“THERE’S a bull just over there,” I warned a walker scrambling over a low stone wall into the field I was sitting in while John went off to do a spot of fishing.

Quite a bull too. A Highland bull with a rare set of horns who might be quite keen to defend his cows and calves. I might not have issued the warning, but the guy had a spaniel with him.

If there was an accident the cow/bull would come off as the villainess/villain.

The walker did not even have the dog on a lead and the field he had just walked through was full of sheep and lambs.

The sight of the bull stirred him up and his spaniel was clipped into a lead and he was over the next wall and back out of the field in a trice. In fact, it is like sitting in the middle of a walkers' motorway.

While I am here in the car with my vacuum flask and iPad tapping away, a stream of brightly clad, hardy folk are trudging past. I feel quite a fraud, although I will join John shortly, but an unintentional slalom down our stairs has slowed me up.

It happened thus. I had gone to fetch John’s bee suit from the attic bedroom. Glowing with pride that I actually knew where something was for once, I tripped lightly down the attic stairs. Then slid down them with a crash.

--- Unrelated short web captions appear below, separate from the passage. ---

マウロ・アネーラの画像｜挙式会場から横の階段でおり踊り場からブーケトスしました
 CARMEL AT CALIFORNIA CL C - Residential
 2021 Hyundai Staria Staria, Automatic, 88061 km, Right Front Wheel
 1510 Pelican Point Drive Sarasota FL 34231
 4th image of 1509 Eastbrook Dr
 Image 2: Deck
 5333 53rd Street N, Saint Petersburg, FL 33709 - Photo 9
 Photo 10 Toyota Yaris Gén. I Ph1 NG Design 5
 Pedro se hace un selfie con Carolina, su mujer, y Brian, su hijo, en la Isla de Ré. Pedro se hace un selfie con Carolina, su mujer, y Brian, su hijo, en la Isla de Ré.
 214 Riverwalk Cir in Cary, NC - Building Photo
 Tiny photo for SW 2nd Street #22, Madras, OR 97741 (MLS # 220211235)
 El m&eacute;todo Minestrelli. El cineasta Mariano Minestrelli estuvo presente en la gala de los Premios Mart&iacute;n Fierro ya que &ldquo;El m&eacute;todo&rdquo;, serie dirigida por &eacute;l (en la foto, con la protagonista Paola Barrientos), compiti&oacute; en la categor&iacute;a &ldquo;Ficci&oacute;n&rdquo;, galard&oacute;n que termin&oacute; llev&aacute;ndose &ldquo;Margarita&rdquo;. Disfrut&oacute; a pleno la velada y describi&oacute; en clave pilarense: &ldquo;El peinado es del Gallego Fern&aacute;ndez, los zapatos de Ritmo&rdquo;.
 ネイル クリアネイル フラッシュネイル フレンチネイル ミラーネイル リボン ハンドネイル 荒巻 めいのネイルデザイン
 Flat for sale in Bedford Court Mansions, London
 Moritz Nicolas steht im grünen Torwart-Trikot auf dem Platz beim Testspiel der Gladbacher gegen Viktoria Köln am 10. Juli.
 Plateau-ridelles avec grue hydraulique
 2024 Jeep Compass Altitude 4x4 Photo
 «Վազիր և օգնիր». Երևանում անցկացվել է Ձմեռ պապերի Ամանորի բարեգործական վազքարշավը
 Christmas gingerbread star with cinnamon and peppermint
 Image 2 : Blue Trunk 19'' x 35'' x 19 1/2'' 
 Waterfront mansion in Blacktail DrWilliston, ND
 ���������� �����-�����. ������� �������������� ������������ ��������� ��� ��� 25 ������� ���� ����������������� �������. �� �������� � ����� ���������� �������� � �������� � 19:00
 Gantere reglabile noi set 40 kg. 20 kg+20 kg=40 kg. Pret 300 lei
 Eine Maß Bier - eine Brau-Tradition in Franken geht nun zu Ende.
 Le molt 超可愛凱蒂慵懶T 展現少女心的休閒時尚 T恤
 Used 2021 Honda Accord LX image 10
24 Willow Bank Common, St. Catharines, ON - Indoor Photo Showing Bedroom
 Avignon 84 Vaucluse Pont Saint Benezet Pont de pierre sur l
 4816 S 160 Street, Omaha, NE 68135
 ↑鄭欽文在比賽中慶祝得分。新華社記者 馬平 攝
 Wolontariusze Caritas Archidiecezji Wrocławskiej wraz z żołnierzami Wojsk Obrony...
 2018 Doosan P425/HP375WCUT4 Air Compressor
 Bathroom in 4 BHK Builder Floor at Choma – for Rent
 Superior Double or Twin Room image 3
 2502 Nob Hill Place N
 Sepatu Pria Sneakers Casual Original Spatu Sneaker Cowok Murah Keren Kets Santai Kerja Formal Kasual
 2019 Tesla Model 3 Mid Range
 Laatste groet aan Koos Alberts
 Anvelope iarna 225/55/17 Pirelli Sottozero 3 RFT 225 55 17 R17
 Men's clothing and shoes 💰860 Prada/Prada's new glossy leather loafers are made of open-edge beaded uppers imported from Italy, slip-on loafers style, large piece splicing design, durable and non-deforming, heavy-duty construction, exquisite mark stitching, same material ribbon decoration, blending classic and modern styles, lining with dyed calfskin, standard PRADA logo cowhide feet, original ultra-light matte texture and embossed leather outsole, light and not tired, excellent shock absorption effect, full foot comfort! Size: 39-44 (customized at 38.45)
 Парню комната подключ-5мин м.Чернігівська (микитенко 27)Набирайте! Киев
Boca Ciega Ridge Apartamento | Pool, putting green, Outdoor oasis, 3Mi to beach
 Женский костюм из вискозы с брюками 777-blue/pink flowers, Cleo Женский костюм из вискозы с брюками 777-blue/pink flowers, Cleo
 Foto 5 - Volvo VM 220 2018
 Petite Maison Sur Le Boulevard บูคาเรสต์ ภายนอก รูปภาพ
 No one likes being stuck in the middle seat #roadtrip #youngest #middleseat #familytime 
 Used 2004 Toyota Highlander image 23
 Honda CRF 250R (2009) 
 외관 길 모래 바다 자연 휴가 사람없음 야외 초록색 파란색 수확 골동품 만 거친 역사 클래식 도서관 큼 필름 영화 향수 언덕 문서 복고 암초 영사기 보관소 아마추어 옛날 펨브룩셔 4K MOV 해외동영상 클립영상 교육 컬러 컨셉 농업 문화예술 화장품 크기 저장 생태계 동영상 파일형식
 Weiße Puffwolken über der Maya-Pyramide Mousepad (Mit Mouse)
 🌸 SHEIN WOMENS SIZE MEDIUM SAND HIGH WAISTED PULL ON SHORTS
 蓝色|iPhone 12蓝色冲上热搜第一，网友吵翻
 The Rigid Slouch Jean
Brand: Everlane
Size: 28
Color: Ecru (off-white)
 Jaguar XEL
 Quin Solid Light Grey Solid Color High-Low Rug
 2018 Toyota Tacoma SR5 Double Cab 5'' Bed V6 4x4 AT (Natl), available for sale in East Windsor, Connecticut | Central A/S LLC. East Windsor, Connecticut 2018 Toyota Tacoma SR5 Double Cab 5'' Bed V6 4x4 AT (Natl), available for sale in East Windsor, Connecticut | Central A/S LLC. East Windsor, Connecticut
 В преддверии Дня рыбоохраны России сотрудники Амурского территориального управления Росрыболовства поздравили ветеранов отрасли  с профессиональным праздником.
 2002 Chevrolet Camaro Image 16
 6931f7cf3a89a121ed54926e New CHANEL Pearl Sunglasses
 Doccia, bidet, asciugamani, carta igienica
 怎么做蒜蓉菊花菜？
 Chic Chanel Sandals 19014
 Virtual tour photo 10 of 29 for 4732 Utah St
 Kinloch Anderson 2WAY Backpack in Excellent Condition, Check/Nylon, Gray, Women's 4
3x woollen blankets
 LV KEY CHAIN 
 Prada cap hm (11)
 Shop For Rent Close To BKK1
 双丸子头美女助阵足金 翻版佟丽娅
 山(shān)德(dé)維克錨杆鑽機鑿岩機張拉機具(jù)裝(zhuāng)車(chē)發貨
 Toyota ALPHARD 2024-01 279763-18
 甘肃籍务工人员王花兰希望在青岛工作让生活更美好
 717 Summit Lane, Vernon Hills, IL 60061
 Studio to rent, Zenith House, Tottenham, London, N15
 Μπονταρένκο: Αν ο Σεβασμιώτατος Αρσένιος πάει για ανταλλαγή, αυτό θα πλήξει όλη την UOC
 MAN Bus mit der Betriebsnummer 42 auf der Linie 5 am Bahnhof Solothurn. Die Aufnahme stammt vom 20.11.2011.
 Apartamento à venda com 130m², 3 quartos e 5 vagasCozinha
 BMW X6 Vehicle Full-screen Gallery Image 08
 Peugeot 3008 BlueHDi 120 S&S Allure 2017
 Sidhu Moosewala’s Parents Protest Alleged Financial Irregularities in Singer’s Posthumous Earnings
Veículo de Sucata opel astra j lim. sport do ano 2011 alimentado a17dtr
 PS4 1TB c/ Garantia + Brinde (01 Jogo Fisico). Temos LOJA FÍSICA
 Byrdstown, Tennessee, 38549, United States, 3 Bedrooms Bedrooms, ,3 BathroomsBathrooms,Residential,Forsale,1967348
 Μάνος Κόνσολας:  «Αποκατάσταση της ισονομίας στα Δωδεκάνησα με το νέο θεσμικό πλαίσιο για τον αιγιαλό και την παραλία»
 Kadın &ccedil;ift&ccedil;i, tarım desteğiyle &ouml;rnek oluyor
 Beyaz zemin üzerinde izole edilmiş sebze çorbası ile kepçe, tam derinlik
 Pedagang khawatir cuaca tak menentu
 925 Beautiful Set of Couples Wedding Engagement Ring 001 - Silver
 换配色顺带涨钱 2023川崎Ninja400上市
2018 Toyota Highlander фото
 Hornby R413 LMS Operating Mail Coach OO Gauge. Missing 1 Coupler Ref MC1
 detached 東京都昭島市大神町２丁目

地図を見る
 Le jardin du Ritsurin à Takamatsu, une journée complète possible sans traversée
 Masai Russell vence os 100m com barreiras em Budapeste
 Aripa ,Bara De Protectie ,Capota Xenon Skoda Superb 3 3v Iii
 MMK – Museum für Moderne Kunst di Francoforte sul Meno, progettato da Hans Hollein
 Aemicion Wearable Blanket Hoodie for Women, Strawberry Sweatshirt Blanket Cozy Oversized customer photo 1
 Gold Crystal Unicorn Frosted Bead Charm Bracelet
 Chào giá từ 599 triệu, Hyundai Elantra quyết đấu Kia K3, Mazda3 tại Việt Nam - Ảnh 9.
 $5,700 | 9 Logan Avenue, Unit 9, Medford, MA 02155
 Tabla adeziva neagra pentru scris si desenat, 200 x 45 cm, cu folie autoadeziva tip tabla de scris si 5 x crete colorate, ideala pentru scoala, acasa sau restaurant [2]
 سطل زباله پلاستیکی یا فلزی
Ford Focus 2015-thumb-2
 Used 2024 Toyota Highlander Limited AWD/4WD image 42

Somehow my right foot and leg twisted beneath me. The upshot was I am limping around with a set of glorious bruises. John even ungallantly compared one part of my anatomy to the vivid colouring you see on a male baboons posterior.

With such an unsympathetic response to the injuries, I must admit to a little revengeful glee when a bee managed to sting him through the veil on his headgear, but this was tinged with regret that the bee would have died defending the hive.

John had been looking in the hive for queen cells, of which there were none.

Apparently there are swarm cells, supersedure cells and emergency queen cells. But our bees are not producing new queens for a swarm, do not intend to replace the existing queen because she is not up to the job, and haven't lost their existing monarch.

It appears that scheming, murdering, back stabbing and an untimely death is as common in the royal bee world as it has been in the history of our own monarchy. Long live our current queens then.